What you give back should be exactly the opening lines of the data, ending with the line that contains "Clean laundry room" and including it.

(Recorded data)
=== Section Start ===
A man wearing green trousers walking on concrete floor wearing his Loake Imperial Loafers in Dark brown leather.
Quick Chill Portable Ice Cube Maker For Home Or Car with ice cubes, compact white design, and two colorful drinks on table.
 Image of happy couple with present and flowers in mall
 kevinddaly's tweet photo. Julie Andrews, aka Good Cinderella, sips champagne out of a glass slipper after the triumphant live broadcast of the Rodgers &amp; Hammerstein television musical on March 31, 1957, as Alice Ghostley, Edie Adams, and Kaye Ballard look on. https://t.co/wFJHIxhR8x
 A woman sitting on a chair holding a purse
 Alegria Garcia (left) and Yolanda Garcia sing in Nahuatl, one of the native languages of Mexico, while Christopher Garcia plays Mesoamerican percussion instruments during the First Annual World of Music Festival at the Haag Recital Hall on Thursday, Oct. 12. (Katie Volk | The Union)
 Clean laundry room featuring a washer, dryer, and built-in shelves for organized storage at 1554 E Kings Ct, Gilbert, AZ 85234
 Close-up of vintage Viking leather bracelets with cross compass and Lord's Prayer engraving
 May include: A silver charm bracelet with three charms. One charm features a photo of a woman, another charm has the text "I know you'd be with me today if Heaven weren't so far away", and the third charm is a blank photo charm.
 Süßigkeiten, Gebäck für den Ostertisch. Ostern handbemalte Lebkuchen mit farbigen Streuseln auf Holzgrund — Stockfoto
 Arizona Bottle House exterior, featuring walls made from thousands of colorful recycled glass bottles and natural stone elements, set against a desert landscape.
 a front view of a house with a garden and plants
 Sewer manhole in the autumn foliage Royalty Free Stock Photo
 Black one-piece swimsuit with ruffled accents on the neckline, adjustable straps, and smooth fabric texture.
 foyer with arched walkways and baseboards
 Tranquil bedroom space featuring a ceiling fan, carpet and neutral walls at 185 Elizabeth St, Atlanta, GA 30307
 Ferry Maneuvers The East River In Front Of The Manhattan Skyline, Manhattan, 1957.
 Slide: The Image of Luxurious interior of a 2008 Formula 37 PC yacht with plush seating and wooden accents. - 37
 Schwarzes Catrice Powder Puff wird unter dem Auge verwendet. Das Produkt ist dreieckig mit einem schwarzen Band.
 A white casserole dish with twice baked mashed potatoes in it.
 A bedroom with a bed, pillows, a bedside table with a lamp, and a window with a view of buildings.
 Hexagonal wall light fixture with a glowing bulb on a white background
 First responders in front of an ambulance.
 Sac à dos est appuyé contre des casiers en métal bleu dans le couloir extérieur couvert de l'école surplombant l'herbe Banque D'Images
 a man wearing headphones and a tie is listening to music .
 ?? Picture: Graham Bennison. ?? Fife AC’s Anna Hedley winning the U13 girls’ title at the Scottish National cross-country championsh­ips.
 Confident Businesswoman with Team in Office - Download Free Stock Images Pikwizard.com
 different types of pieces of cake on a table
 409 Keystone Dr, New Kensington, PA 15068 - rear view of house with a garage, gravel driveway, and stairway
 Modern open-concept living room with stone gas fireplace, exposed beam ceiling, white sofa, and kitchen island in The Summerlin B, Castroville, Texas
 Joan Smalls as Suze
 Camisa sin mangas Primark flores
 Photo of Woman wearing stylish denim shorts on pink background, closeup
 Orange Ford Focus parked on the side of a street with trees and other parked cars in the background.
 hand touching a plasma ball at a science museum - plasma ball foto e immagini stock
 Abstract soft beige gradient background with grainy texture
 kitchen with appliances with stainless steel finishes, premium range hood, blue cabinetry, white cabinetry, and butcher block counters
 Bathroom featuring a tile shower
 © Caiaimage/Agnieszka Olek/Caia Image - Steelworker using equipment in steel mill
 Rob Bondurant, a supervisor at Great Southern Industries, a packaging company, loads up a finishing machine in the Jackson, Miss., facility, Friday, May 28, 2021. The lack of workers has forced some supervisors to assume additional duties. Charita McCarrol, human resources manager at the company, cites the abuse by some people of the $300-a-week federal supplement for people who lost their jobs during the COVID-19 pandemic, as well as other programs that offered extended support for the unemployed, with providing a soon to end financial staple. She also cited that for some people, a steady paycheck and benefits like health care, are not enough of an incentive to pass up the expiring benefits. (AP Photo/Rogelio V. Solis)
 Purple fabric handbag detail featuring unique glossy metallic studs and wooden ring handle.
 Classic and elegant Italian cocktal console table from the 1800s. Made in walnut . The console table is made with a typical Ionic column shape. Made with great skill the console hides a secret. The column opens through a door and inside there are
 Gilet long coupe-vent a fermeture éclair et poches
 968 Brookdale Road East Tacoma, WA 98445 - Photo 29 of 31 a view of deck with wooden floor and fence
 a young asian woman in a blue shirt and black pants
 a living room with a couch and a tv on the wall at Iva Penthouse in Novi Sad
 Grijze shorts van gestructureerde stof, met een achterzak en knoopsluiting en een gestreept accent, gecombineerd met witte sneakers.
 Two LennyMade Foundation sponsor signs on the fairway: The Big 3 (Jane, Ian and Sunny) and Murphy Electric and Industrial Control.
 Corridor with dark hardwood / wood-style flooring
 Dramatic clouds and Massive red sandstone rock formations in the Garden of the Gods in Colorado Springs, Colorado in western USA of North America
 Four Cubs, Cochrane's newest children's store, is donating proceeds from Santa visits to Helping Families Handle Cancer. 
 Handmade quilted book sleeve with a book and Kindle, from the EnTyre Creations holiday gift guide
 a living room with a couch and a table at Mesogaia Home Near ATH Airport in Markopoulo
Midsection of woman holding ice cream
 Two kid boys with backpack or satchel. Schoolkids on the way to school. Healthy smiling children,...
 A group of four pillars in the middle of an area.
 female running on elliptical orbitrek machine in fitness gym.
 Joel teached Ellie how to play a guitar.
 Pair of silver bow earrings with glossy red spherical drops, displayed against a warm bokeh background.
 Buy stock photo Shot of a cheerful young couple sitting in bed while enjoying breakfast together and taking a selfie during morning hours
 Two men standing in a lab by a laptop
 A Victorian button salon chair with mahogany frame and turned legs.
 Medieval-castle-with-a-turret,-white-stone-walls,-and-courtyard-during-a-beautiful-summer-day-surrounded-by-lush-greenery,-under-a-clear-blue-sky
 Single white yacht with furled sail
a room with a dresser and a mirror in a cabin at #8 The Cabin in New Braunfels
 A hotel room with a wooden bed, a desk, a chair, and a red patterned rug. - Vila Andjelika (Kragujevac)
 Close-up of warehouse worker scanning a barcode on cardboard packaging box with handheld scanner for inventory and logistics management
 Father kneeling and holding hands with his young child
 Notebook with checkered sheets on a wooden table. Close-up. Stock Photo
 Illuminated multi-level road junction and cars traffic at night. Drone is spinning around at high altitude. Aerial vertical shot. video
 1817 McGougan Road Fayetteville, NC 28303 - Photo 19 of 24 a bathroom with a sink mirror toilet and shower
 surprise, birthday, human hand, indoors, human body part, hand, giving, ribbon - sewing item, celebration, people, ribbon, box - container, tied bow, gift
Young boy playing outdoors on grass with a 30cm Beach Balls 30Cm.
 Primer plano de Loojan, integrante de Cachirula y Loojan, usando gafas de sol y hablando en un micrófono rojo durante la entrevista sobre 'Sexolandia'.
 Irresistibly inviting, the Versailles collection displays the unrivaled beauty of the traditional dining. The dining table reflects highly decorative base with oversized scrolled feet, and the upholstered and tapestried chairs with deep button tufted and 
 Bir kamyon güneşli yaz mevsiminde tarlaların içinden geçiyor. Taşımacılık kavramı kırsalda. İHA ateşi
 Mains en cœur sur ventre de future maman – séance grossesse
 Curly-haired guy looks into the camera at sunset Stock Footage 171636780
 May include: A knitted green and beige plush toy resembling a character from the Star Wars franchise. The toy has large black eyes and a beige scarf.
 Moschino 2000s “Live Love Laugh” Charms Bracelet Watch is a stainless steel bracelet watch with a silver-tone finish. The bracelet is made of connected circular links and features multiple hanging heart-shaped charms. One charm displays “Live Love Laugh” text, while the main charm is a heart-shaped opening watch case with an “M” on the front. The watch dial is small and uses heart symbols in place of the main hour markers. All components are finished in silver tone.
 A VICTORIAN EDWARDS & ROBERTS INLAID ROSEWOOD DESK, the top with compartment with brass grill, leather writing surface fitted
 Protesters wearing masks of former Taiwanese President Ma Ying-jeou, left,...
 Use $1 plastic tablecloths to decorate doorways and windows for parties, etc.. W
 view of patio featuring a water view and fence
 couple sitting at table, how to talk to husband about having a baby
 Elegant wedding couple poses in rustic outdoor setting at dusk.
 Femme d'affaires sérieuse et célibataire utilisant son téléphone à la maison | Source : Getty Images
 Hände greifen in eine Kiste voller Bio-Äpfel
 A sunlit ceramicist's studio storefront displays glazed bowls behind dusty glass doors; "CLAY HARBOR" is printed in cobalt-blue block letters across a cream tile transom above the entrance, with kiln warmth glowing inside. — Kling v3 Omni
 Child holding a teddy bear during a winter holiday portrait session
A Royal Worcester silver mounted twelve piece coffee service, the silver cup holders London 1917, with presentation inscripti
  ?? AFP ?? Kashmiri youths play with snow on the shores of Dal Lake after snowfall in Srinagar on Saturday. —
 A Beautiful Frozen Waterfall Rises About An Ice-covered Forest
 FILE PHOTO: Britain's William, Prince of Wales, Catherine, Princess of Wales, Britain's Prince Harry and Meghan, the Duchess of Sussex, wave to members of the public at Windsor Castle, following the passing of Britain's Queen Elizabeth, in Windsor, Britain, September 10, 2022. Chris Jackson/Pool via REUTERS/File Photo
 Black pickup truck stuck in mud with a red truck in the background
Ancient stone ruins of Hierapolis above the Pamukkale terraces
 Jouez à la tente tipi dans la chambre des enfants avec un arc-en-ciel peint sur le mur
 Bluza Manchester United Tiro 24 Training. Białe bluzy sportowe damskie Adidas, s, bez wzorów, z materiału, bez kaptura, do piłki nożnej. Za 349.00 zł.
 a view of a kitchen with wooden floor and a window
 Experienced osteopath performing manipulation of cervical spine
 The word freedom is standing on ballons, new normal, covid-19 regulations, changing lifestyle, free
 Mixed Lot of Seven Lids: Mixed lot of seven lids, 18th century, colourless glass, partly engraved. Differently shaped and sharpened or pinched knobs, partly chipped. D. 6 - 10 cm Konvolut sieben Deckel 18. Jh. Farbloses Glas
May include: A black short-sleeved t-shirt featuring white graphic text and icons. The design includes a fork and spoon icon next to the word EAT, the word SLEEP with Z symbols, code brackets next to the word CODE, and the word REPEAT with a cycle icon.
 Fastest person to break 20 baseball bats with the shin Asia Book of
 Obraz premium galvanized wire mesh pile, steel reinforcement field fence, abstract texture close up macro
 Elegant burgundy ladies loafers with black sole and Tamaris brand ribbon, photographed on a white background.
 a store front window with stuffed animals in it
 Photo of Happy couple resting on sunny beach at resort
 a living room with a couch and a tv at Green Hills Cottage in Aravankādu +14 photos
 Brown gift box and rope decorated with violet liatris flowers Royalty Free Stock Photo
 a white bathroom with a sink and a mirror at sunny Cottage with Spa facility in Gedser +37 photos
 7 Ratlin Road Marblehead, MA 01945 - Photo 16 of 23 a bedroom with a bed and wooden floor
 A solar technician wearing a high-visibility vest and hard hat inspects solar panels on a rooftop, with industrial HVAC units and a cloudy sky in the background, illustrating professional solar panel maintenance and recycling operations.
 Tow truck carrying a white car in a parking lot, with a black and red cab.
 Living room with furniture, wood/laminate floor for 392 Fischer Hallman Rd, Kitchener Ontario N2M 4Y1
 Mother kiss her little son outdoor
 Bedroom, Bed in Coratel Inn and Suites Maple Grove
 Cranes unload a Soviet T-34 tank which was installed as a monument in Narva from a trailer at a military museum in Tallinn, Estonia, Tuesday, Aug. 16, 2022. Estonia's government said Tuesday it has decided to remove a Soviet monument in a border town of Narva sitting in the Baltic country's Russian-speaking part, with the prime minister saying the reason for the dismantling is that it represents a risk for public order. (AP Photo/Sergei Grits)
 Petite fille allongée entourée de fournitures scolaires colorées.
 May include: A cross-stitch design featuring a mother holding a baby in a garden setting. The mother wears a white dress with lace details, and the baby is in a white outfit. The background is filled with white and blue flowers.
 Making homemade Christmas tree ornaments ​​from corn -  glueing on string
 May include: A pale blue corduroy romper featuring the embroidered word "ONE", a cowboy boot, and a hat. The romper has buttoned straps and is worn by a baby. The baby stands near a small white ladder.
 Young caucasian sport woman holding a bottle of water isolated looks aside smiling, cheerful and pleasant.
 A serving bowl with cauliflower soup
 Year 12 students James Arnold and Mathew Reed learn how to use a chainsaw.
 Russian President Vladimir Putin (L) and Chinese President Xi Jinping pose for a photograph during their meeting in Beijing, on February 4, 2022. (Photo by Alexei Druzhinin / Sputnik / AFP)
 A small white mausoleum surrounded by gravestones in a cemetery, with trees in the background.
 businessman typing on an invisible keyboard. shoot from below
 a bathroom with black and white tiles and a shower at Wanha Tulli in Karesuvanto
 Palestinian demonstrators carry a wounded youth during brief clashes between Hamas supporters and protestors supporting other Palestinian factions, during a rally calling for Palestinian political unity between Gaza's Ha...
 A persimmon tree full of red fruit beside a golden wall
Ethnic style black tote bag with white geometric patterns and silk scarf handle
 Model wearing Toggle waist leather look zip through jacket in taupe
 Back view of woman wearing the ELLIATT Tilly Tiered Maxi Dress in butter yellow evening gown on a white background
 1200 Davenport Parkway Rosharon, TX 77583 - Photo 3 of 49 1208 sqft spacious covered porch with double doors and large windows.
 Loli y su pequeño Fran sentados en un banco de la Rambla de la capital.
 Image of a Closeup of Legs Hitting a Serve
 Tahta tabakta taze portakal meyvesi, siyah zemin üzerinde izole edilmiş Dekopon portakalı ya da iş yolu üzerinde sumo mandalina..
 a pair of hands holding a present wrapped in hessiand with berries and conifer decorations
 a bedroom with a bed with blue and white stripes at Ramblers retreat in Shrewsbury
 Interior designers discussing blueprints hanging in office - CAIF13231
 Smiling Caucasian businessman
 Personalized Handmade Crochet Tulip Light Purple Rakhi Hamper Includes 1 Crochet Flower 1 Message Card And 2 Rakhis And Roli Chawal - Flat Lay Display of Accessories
=== Section End ===
> EXPECTED OUTPUT
A man wearing green trousers walking on concrete floor wearing his Loake Imperial Loafers in Dark brown leather.
Quick Chill Portable Ice Cube Maker For Home Or Car with ice cubes, compact white design, and two colorful drinks on table.
 Image of happy couple with present and flowers in mall
 kevinddaly's tweet photo. Julie Andrews, aka Good Cinderella, sips champagne out of a glass slipper after the triumphant live broadcast of the Rodgers &amp; Hammerstein television musical on March 31, 1957, as Alice Ghostley, Edie Adams, and Kaye Ballard look on. https://t.co/wFJHIxhR8x
 A woman sitting on a chair holding a purse
 Alegria Garcia (left) and Yolanda Garcia sing in Nahuatl, one of the native languages of Mexico, while Christopher Garcia plays Mesoamerican percussion instruments during the First Annual World of Music Festival at the Haag Recital Hall on Thursday, Oct. 12. (Katie Volk | The Union)
 Clean laundry room featuring a washer, dryer, and built-in shelves for organized storage at 1554 E Kings Ct, Gilbert, AZ 85234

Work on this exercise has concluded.